Examples like the theater dilemma are good for explaining where Bayesian inference comes from and showing the mechanics in action. However, in data science applications it most often used to interpret data. By pulling in prior knowledge about what we are measuring, we can draw stronger conclusions with small data sets. I’ll show how this works in detail, but first please bear with me for one more side track. We need to get clear about what we mean by “probability distributions.”
You can think of probability as a pot of coffee that has exactly enough left to fill one cup. If there’s only one cup to fill there’s no problem, but if you have more than one you have to decide how to distribute the coffee between the cups. You can split it however you like, as long as you pour out all the coffee into one cup or the other. At the movie theater, one mug might represent women and the other, men.
Or we could use four mugs to represent the distribution of all combinations of gender and hair length. In both cases, the total amount of coffee adds up to one cup.
Usually, we set these mugs side by side and look at the amount of coffee in each as a histogram. It can be helpful to think of coffee as our belief, and its distribution shows how strongly we believe something to be the case.
If I flip a coin and hide the result from you, then your belief will be evenly split between heads and tails.
If I roll a die and hide the result from you, then your belief about the number on top will be evenly split between each of the six sides.
If I buy a powerball ticket, your belief that it is a winner will probably be very close to zero. The coin flip, the die roll, the powerball outcome - these are each an example of measuring and collecting data.
Not surprisingly, you can also hold beliefs about other collected data. Consider the height of adults in the US. If I tell you I have met and measured someone, then your beliefs about their height might look like the picture above. This shows a belief that this person is probably between 150 and 200 cm, and most likely between 180 and 190 cm.
Distributions can be broken up into finer and finer bins. You can think of it as spreading less coffee across more cups to get a finer-grained set of beliefs.
Eventually the number of imaginary cups you need gets so large that the analogy breaks down. At that point the distribution is continuous. The math to work with it changes a bit, but the underlying idea is still useful. It is shows how your belief is allocated.
Thanks for your patience. Now with probability distributions described, we can use Bayes’ Theorem to interpret data. To illustrate this, we’ll weigh my dog.
My dog is named Reign of Terror. When we go to the vet, she squirms on the scale. That makes it hard to get an accurate reading. Getting an accurate weight is important, because if her weight has gone up, we have to reduce her food intake. She loves her food more than life itself, so the stakes are high.
On our last visit, we got three measurements before she became unmanageable: 13.9 lb, 17.5 lb and 14.1 lb. There is a standard statistical interpretation for this. We can calculate the mean, standard deviation and standard error for this set of numbers and create a distribution for Reign’s actual weight.

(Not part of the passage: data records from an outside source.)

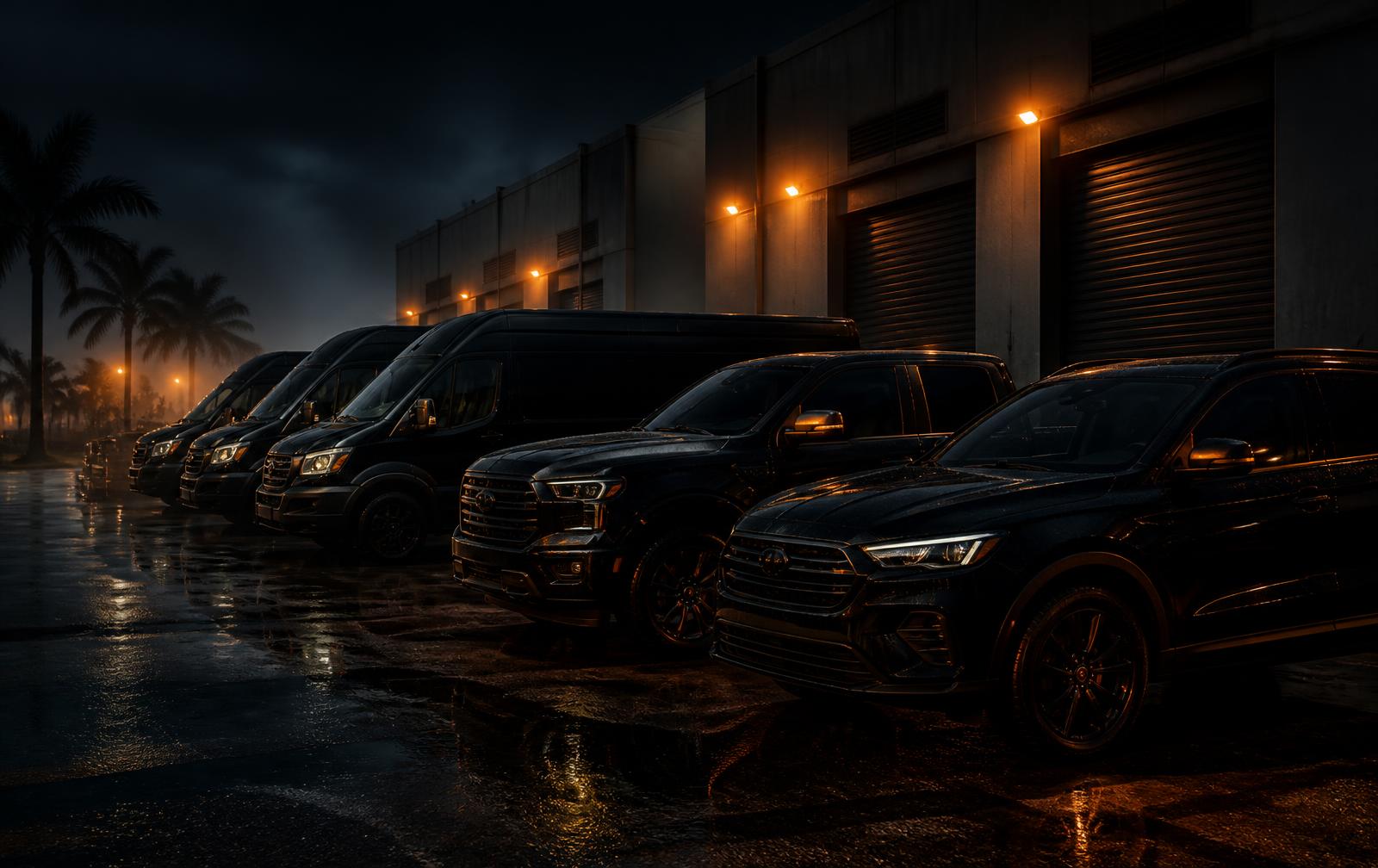 Prime Transports fleet of black vans, trucks and SUVs at night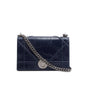 Christian Dior Navy Crinkled Cannage Leather Crystal Embellished Medium Diorama Flap Bag Rovelle Bags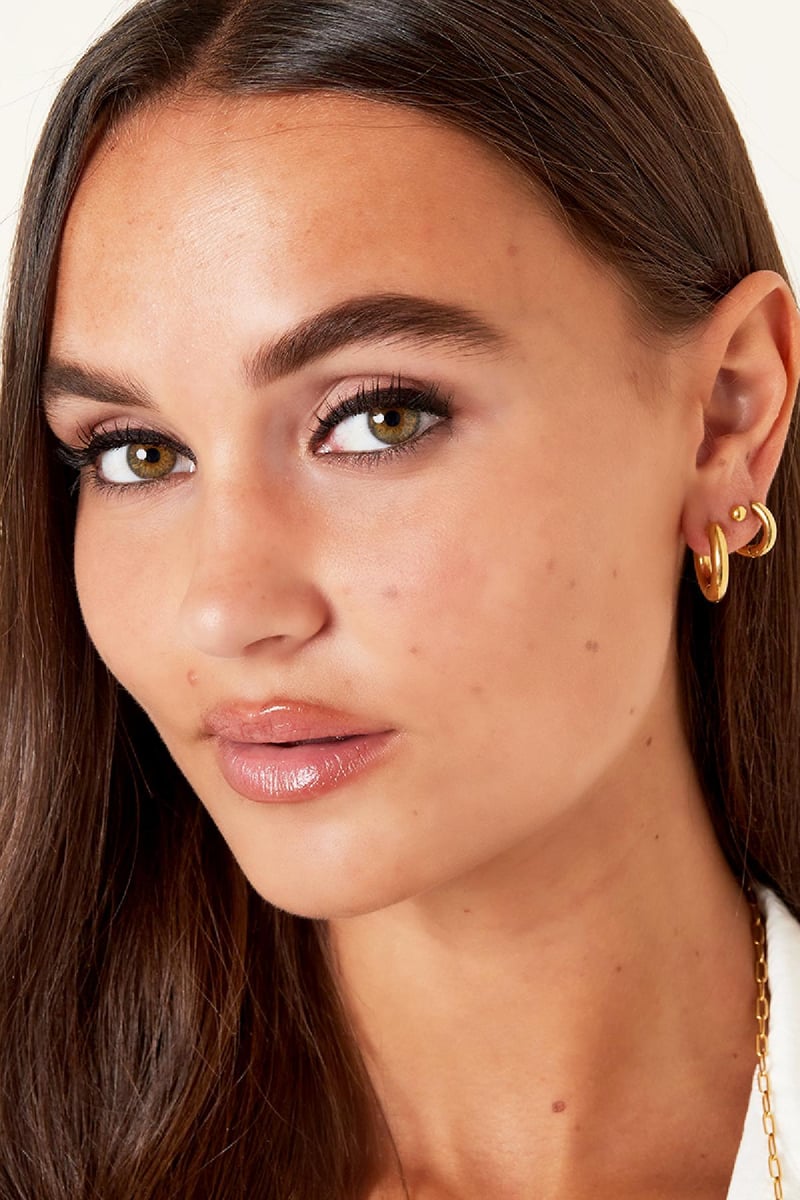 Basic creolen oorbellen - mini Goud kleur Stainless Steel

This distribution shows what we believe about her weight using this approach. It is normally distributed with a mean of 15.2 pounds and standard error of 1.2 pounds. The actual measurements are shown as white lines. Unfortunately this curve is unsatisfyingly wide. While at the peak is at 15.2 pounds, the probability distribution shows that it could easily be as low as 13 pounds or as high as 17 pounds. It's much too wide a range to make any kind of confident decision. When confronted with results like this, it is common to return and gather more data, but in some cases this is not feasible or is too expensive. In our case, Reign’s patience had been used up. We’re stuck with the measurements we already have.
This is where Bayes’ Theorem comes in. It is useful in making the most out of small data sets. Before we apply it, it's useful to revisit the equation and look at the various terms.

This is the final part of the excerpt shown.